Exclude the pictures and transcribe the rest of the data below exactly.

--- Task inputs Enclosed Below ---

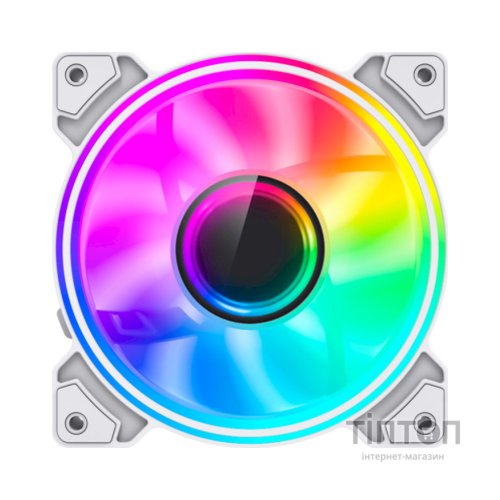 Кулер до корпусу Gamemax Dual Ring Infinity WH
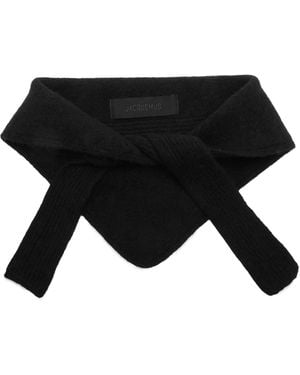 Jacquemus Alpaca Triangle Scarf - Black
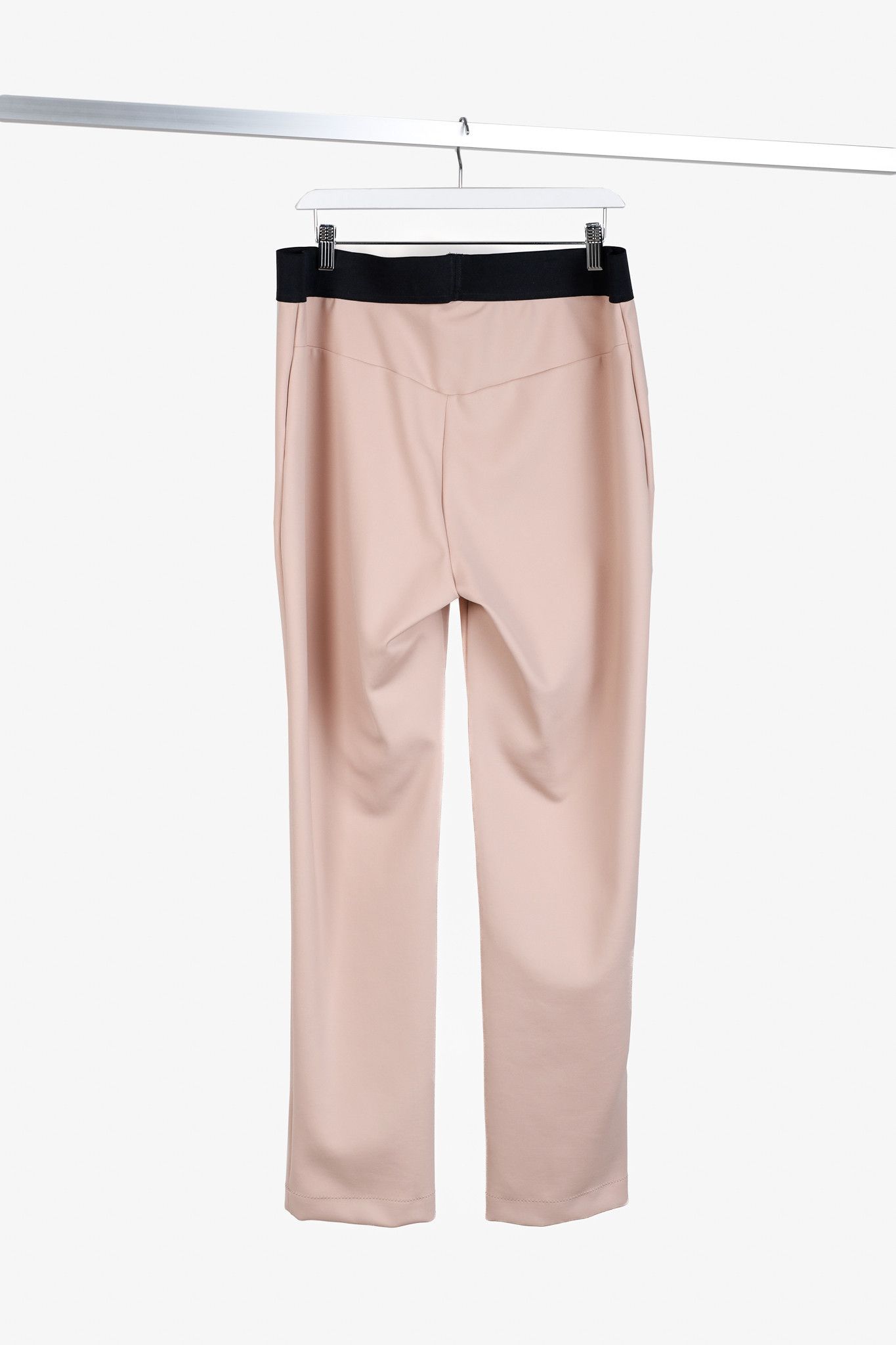 Marie Saint Pierre Marie Saint Pierre Peach Neoprene Straight-Leg Pants Size 36" / US 14 / IT 50 - 2 Thumbnail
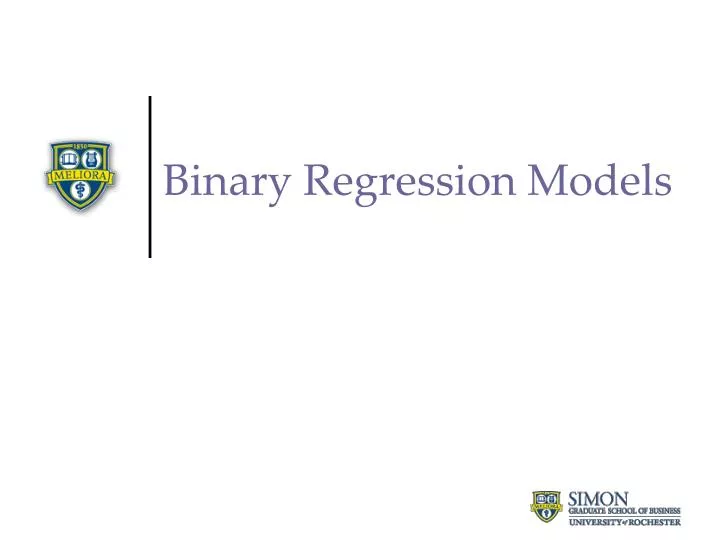 binary regression models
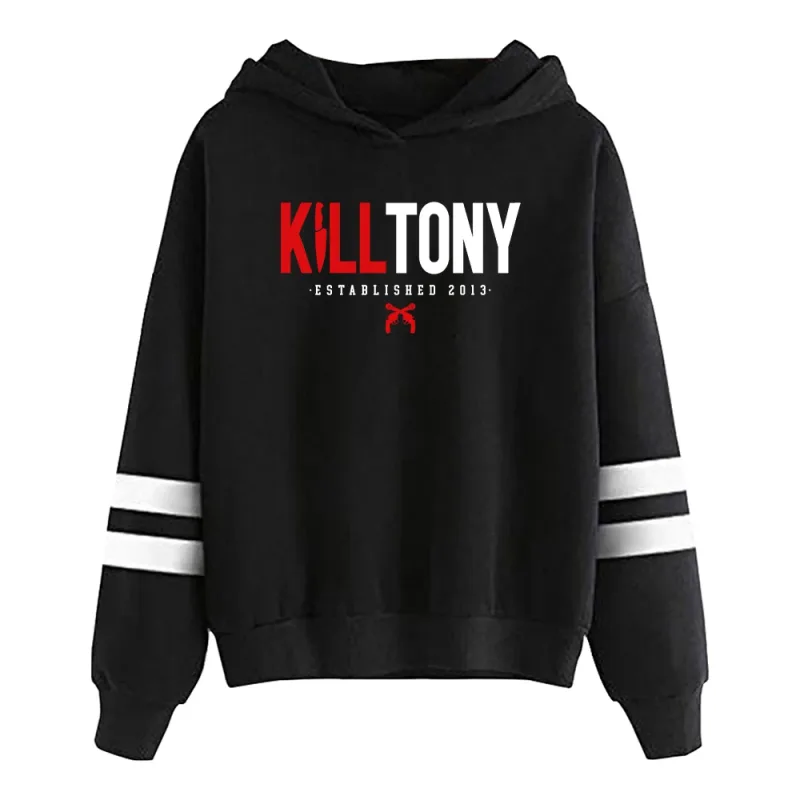 Kill Tony Merch Hoodie Unisex Zakloze Parallelle Staven Mouw Streetwear Vrouwen Mannen Sweatshirt Met Capuchon Grappige Kleding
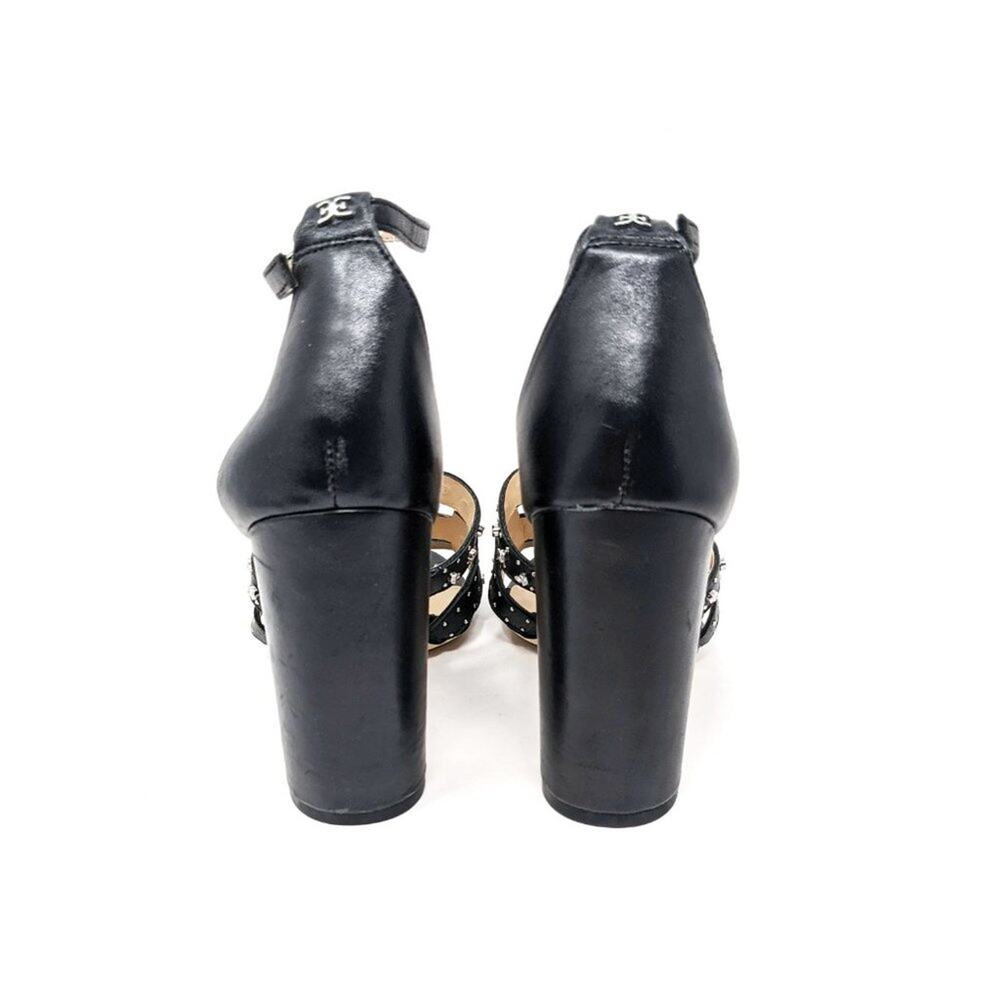 Sam Edelman Shoes Womens 9 Heels Yasha Leather Black Studded Pumps Fairy Grunge - Picture 7 of 10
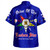 Order of the Eastern Star Hawaiian Shirt Letter Stars Blue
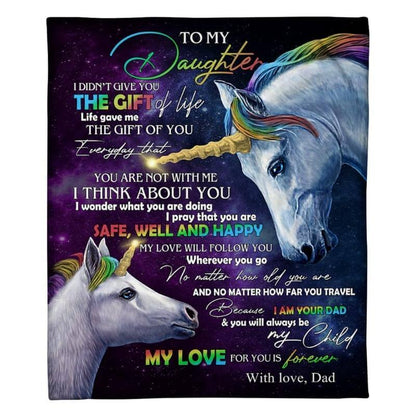 To My Daughter - From Dad - A318 - Premium Blanket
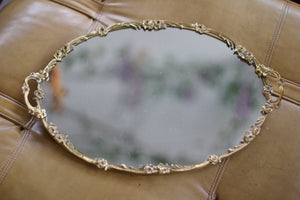 Antique Roses Matson Mirror Tray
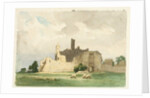 Warkworth Castle by Ernest Benger or Berenger
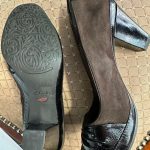 escarpins chaussures à talons marron Clarks seconde main
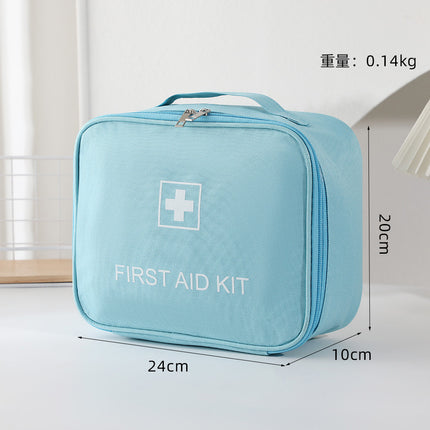 Youth Style First Aid Kit Large Capacity Student Health Kit Portable Mini Medicine Box Medicine Storage Bag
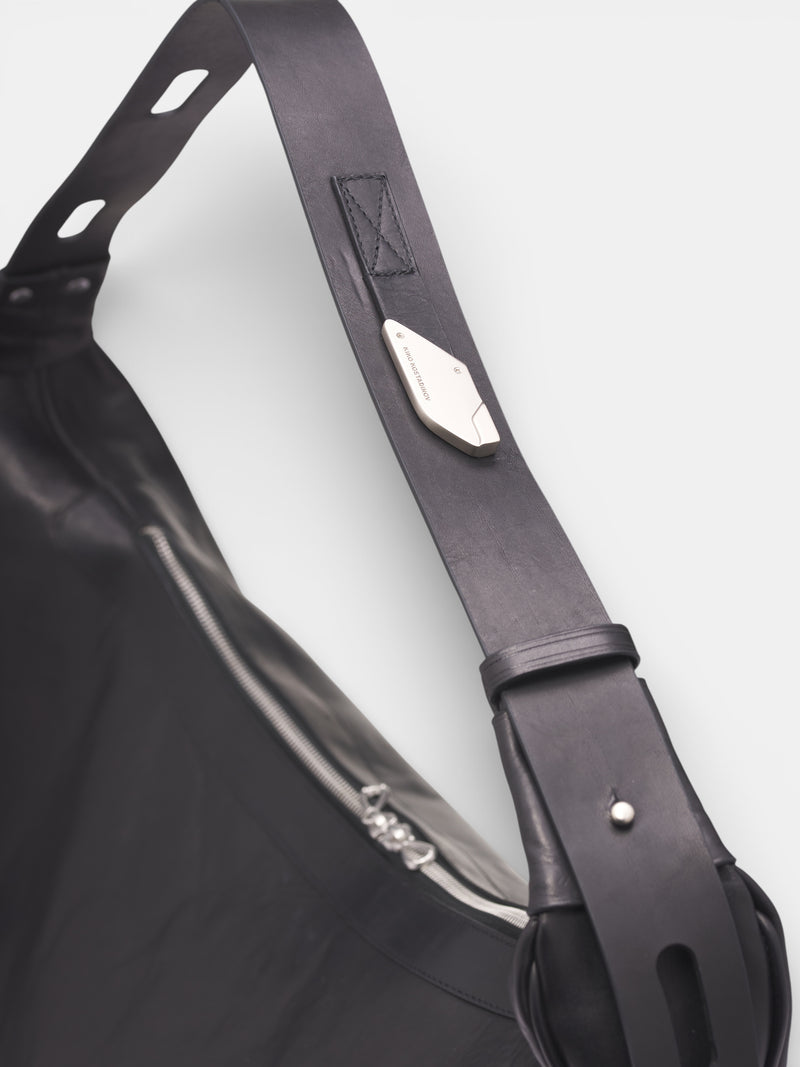 Black Leather Moravia Bag (KKSS26BG03-114-OBSIDIAN-BLACK)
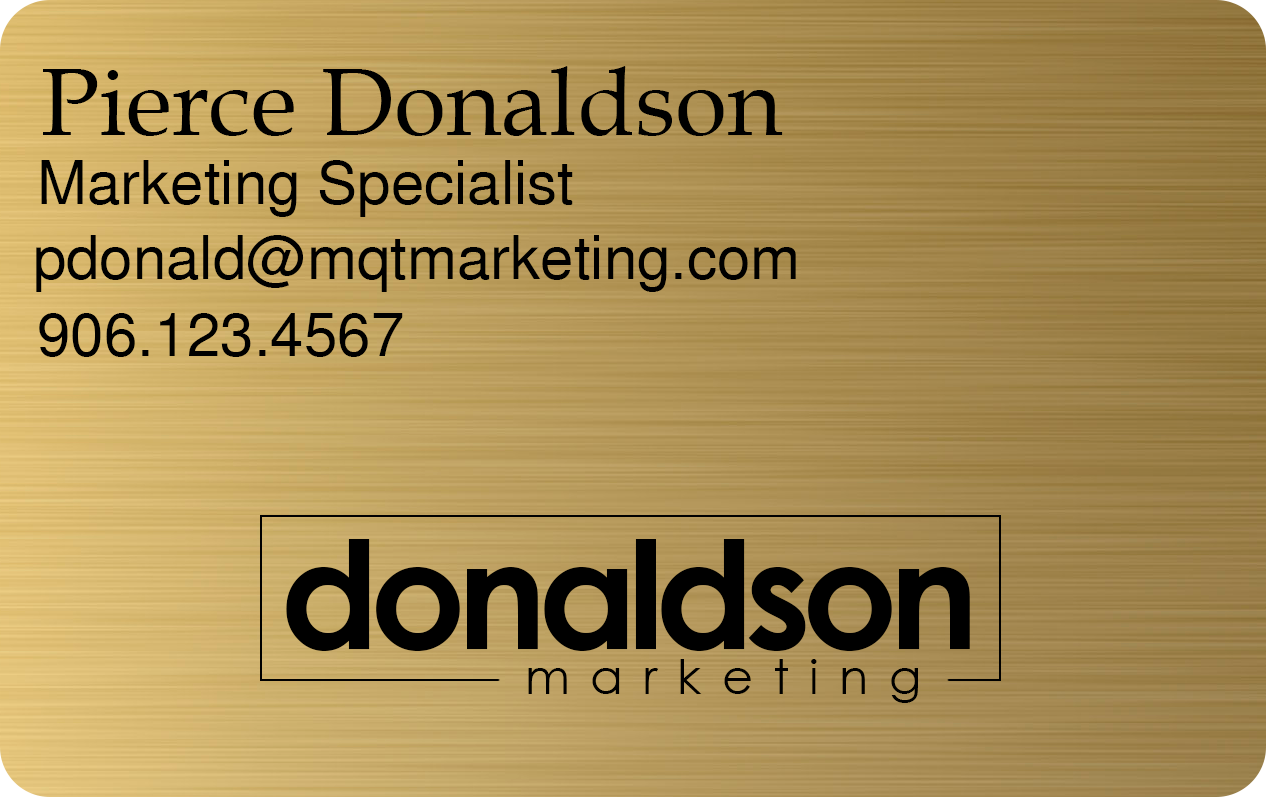 Metal Business Cards - Gold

--- End of Enclosed Task inputs ---

Expected output.
 Кулер до корпусу Gamemax Dual Ring Infinity WH
 Jacquemus Alpaca Triangle Scarf - Black
 Marie Saint Pierre Marie Saint Pierre Peach Neoprene Straight-Leg Pants Size 36" / US 14 / IT 50 - 2 Thumbnail
 binary regression models
 Kill Tony Merch Hoodie Unisex Zakloze Parallelle Staven Mouw Streetwear Vrouwen Mannen Sweatshirt Met Capuchon Grappige Kleding
 Sam Edelman Shoes Womens 9 Heels Yasha Leather Black Studded Pumps Fairy Grunge - Picture 7 of 10
 Order of the Eastern Star Hawaiian Shirt Letter Stars Blue
 To My Daughter - From Dad - A318 - Premium Blanket
 Antique Roses Matson Mirror Tray
 Warkworth Castle by Ernest Benger or Berenger
 escarpins chaussures à talons marron Clarks seconde main
 Youth Style First Aid Kit Large Capacity Student Health Kit Portable Mini Medicine Box Medicine Storage Bag
 Black Leather Moravia Bag (KKSS26BG03-114-OBSIDIAN-BLACK)
 Metal Business Cards - Gold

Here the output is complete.